■ **About this task**
Please give the lines below again exactly as they stand, from the one that contains "볼보_V60 Cross Country_2024년형_가솔린" up to and including the one that contains "Кроссовки мужские Air", leaving all pictures out.

■ **Material supplied**
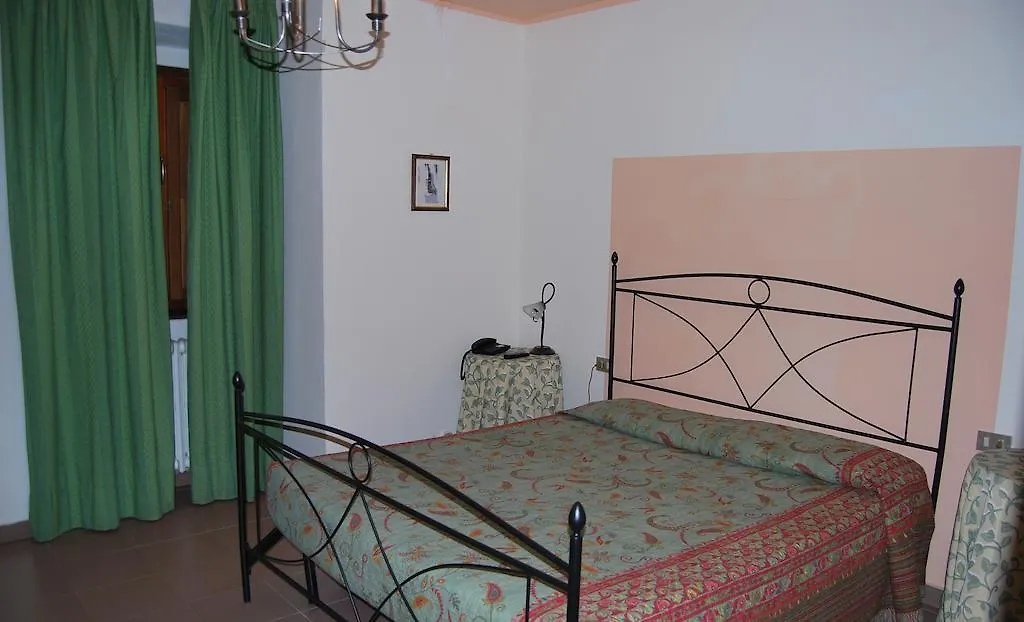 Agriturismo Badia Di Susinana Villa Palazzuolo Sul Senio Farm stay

...

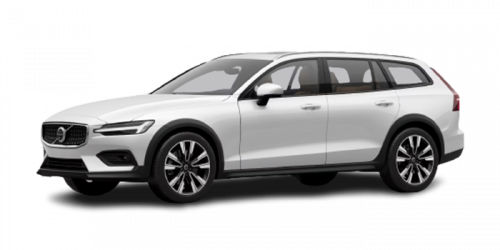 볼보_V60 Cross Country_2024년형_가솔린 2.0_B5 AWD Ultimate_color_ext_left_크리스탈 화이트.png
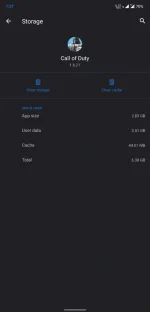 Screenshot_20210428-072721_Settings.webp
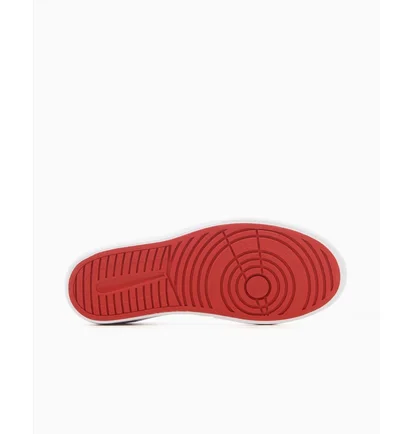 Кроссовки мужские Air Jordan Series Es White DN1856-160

■ **Solution below**
 볼보_V60 Cross Country_2024년형_가솔린 2.0_B5 AWD Ultimate_color_ext_left_크리스탈 화이트.png
 Screenshot_20210428-072721_Settings.webp
 Кроссовки мужские Air Jordan Series Es White DN1856-160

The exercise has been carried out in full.